PELD/経皮的内視鏡下腰椎間板ヘルニア摘出術

経皮的内視鏡下腰椎間板摘出術(以下PELD)は新しい椎間板ヘルニアの手術として注目を集めています。PELDは1975年にその施術につながる技法が考案され、1980年代になると病変部位を観察しながら摘出するという発想も出てきました。こうした新たな発想とテクノロジーの進歩とがあいまって1999年には現在とほぼ同じ形で施術方法が確立されました。

従来行われてきた椎間板ヘルニア摘出術では全身麻酔下で腰部を2~6cm程度の切開をするため入院期間もリハビリを含め8~14日間程度が必要とされていましたが、新たな手法であるPELDでは非常に径の細い内視鏡を用いた施術を行うため正常な組織を壊す可能性が低く、内視鏡画像を大型モニターで拡大することにより安全かつ確実なヘルニアの除去が可能となりました。

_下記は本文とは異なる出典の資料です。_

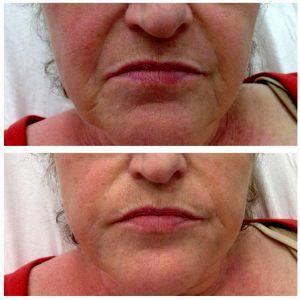 Marionette Lines Botox Before And After Pictures (1)
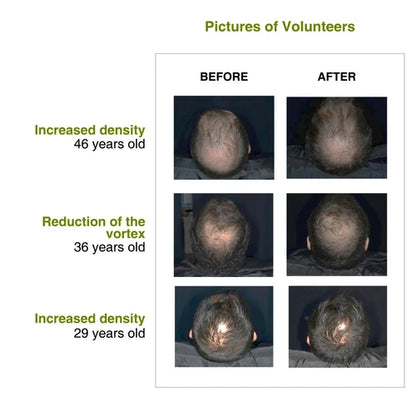 Increased hair density after using rosemary redensyl hair serum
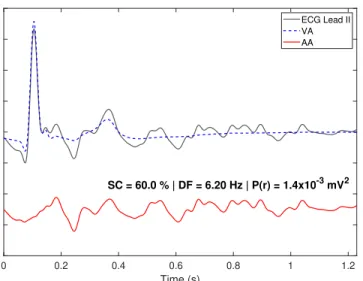 Fig. 4: Original recording, VA and AA estimates in lead II by the L¨owner-based BTD of Patient P7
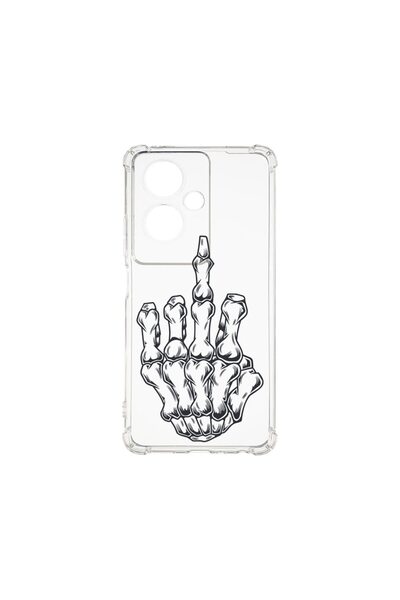 bestcase ¬Æ Husa Anti Shock 1.5MM, Compatibila Cu OPPO Reno 11F, Skeleton Han...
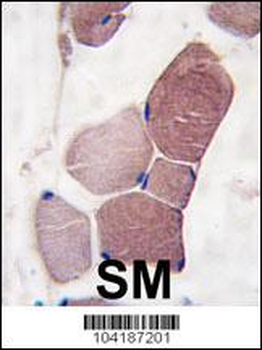 UCHL3 Antibody (C-term)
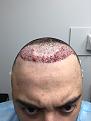 Click image for larger version

Name:	Post_Op_03.jpg
Views:	248
Size:	83.5 KB
ID:	496163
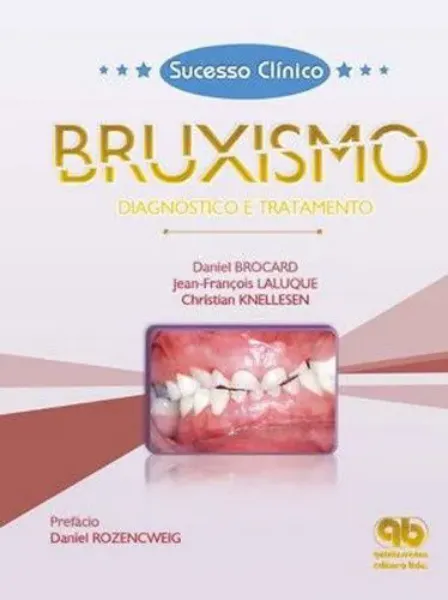 Imagem de Sucesso Clínico Bruxismo - Diagnóstico e Tratamento
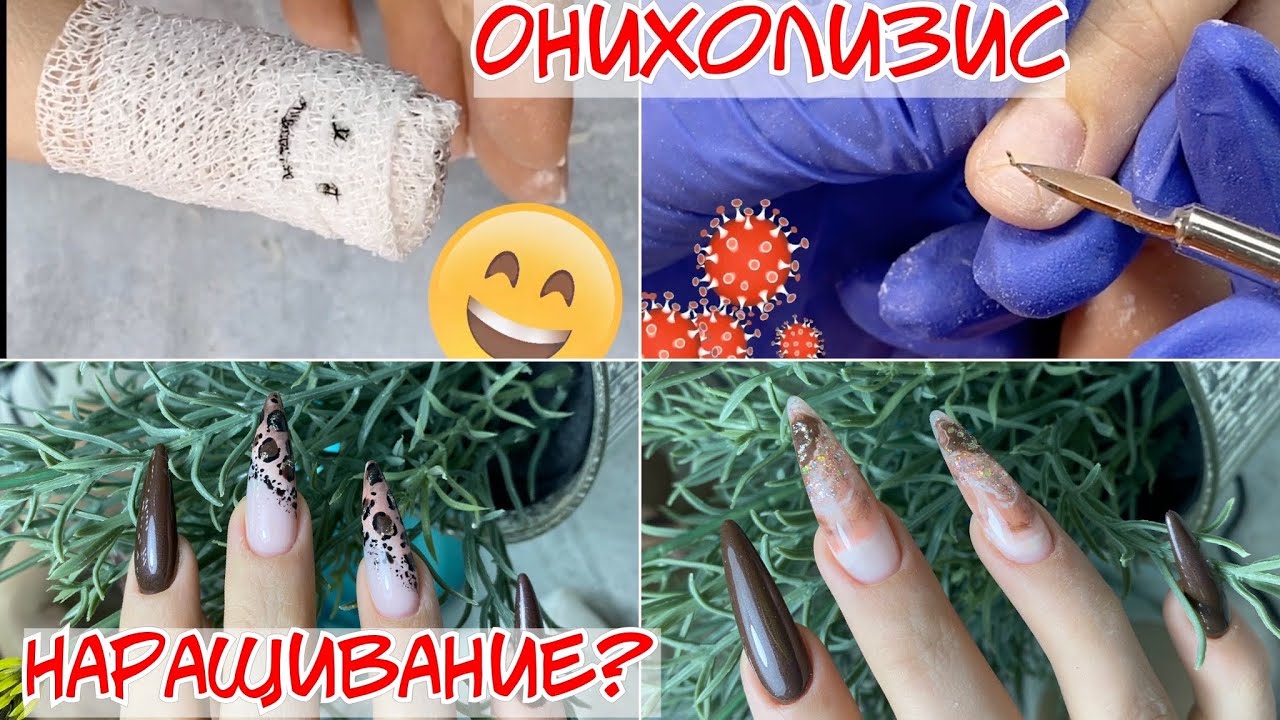Наращивание на верхние формы и онихолизис 🤕😋
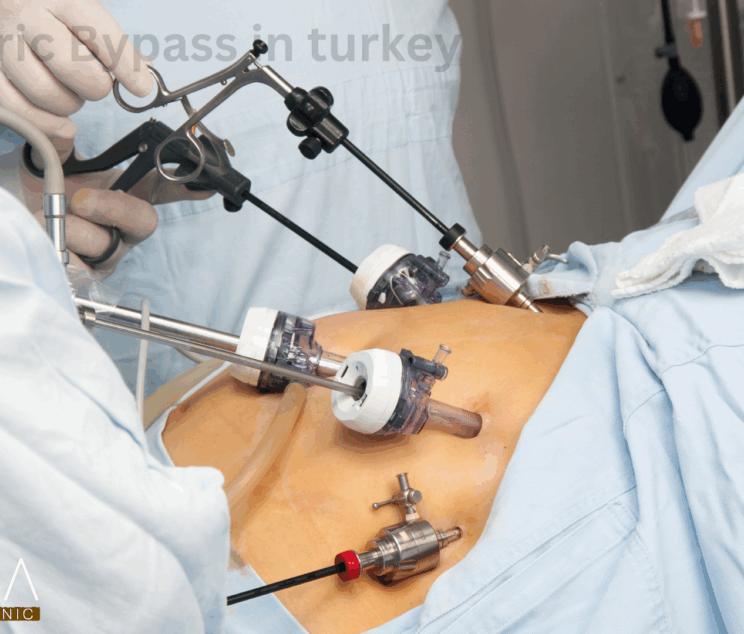Gastric Bypass in turkey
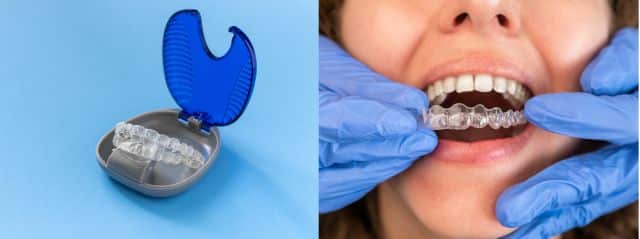 Invisalign Treatment Denver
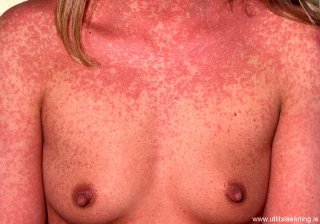 copy_0_autoimmune-progesterone-dermatitis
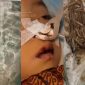 Tubuh Raya, bocah Sukabumi dipenuhi cacing - Rumah Teduh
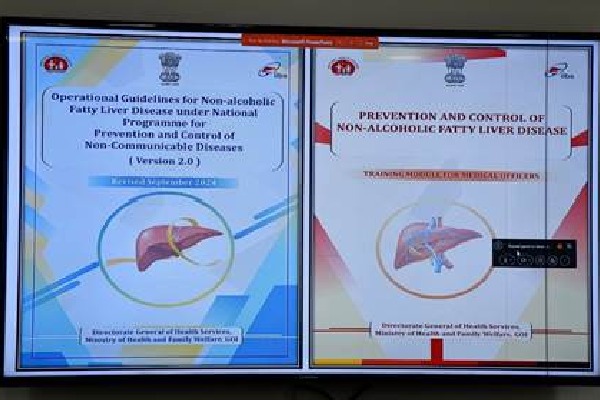 Union Health Ministry releases new guidelines for non-alcoholic fatty liver disease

そのため切開部分が約8mm程度と小さく抜糸も不要となり、局部麻酔で行うことにより術中であっても会話が可能なため患者さんからのフィードバックが正確に捉えられるという利点も生まれています。
手術は20~60分間程度で終了し、当日から歩行が可能となります。

術後MRIでヘルニア切除の確認が行われ、一晩様子をみたのち翌日には退院となりますが、術後の無理は禁物です。
3ヶ月ほどは腰椎軟性コルセットを着用し、身体をねじる動作や重労働は行わないように心がけます。喫煙も腰に悪影響があると言われているためできるだけ避けた方が良いでしょう。

その後は半年間隔の外来での受診を経て問題がなければ治療が完了します。
PELDはその安全性から患者さんからの満足度も高く、今後の椎間板ヘルニア手術の中核をなす治療法として期待されています。